### Task objective
Produce one exact copy of the records, no pictures.

### Data records
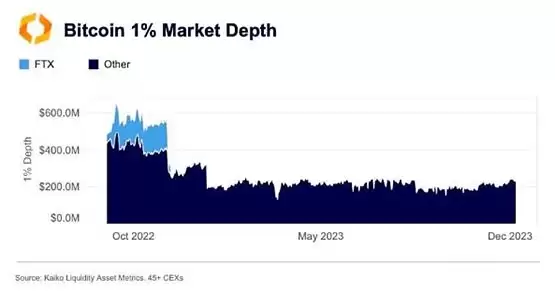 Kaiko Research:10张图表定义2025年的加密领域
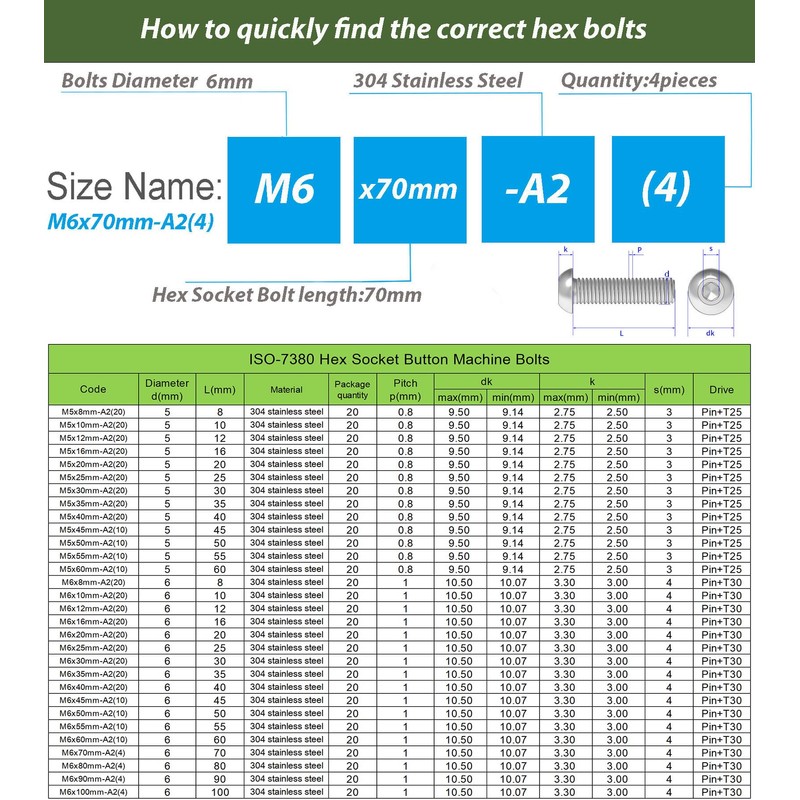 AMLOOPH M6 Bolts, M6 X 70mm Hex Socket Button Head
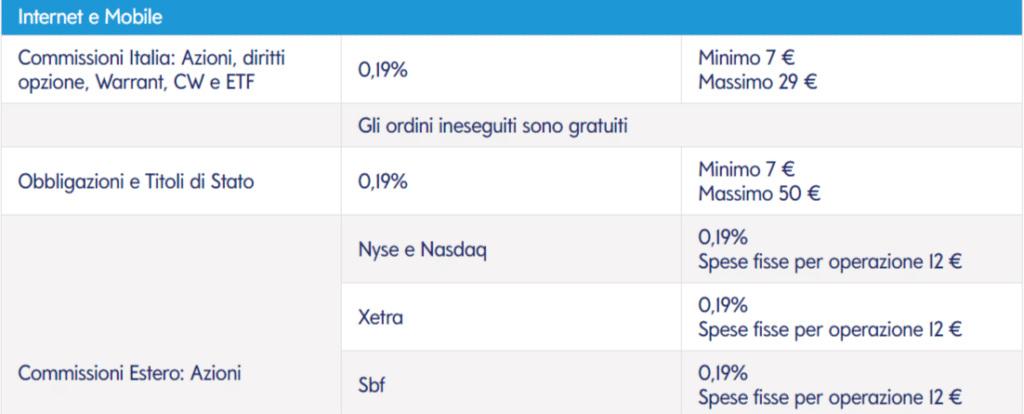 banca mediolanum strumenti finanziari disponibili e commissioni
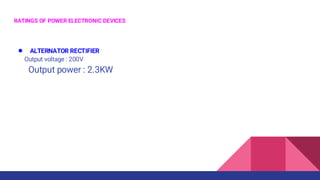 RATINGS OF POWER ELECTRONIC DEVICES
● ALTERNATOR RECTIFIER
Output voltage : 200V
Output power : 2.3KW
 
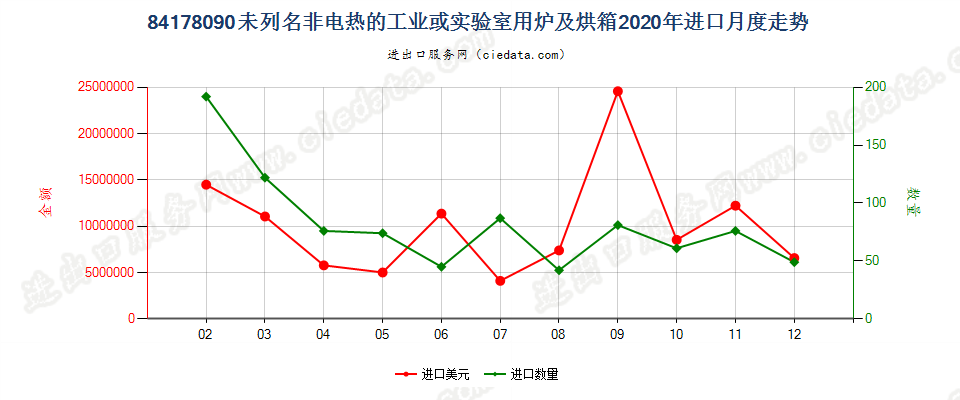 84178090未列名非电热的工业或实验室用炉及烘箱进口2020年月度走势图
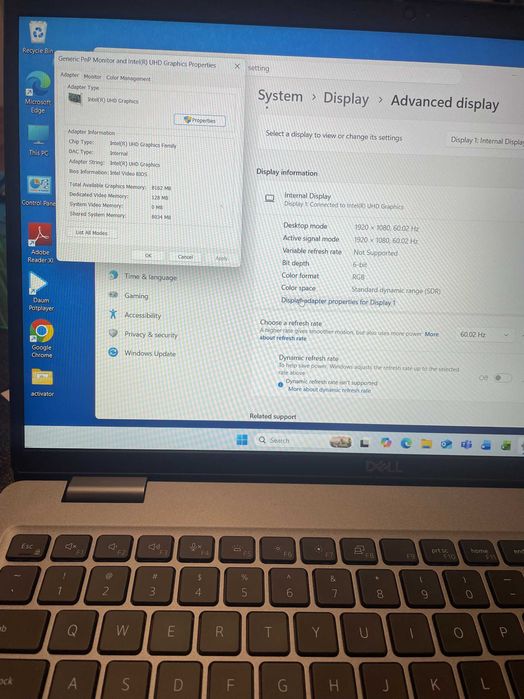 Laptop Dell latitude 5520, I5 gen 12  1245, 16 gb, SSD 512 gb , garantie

### Expected output
 Kaiko Research:10张图表定义2025年的加密领域
 AMLOOPH M6 Bolts, M6 X 70mm Hex Socket Button Head
 banca mediolanum strumenti finanziari disponibili e commissioni
 RATINGS OF POWER ELECTRONIC DEVICES
● ALTERNATOR RECTIFIER
Output voltage : 200V
Output power : 2.3KW
 
 84178090未列名非电热的工业或实验室用炉及烘箱进口2020年月度走势图
 Laptop Dell latitude 5520, I5 gen 12  1245, 16 gb, SSD 512 gb , garantie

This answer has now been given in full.